Studio album by Kreidler
- Released: 2011
- Genre: Electronic
- Length: 31:33
- Label: en/of
- Producer: Kreidler

Kreidler chronology
| Tank (2011) | Mars Chronicles (2011) | Den (2012) |

= Mars Chronicles =

Mars Chronicles is a limited vinyl album by electronica group Kreidler, released in 2011.

==Track listing==
Mars Chronicles I–IV

I "LX" – 8:14

II "Sølyst" – 7:37

III "April Moon" – 9:33

IV "Lo Firer Esplendor" – 6:02

==Credits==
Recorded in Hamburg, Electric Avenue, by Tobias Levin.

Mixed in Berlin (I & III) and Düsseldorf (II & IV).

Mastered & Cut in Berlin, Dubplates & Mastering, by Rashad Becker.

==Production==
The record contains 4 different remixes of a song called Mars, with each member of the band contributing a version. "LX" can be attributed to Alex Paulick, "Sølyst" is Thomas Klein's moniker for his solo-albums, Andreas Reihse has released as "April", which leaves "Lo Firer Esplendor" to Detlef Weinrich.

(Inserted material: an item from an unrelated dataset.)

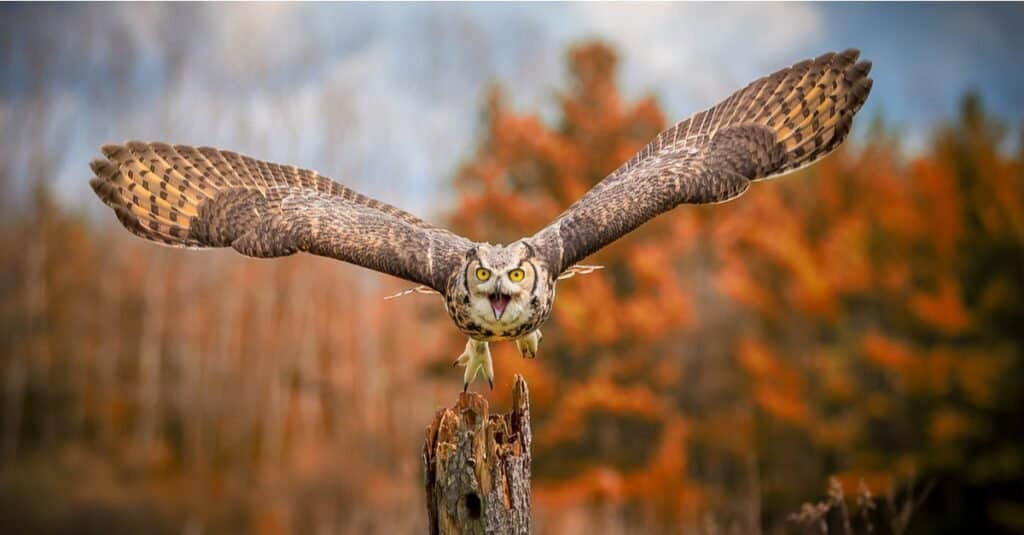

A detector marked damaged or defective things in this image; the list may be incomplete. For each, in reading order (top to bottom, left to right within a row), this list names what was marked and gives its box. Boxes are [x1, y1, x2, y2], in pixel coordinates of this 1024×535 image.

Mars Chronicles seems to be a verbicide on Ray Bradbury's book The Martian Chronicles (in German: "Die Mars Chroniken").

==Release==
The album is the second collaboration between Georgian artist Andro Wekua and the band – after the album "Tank" earlier in 2011.

It was released August 2011 in a hand-numbered edition of 100 (plus 30 Artist's proofs) on Dutch/German label en/of (EN/OF 043).

The first flapper of the gatefold sleeve holds Sunset a photo print signed by Andro Wekua, the second flapper the vinyl.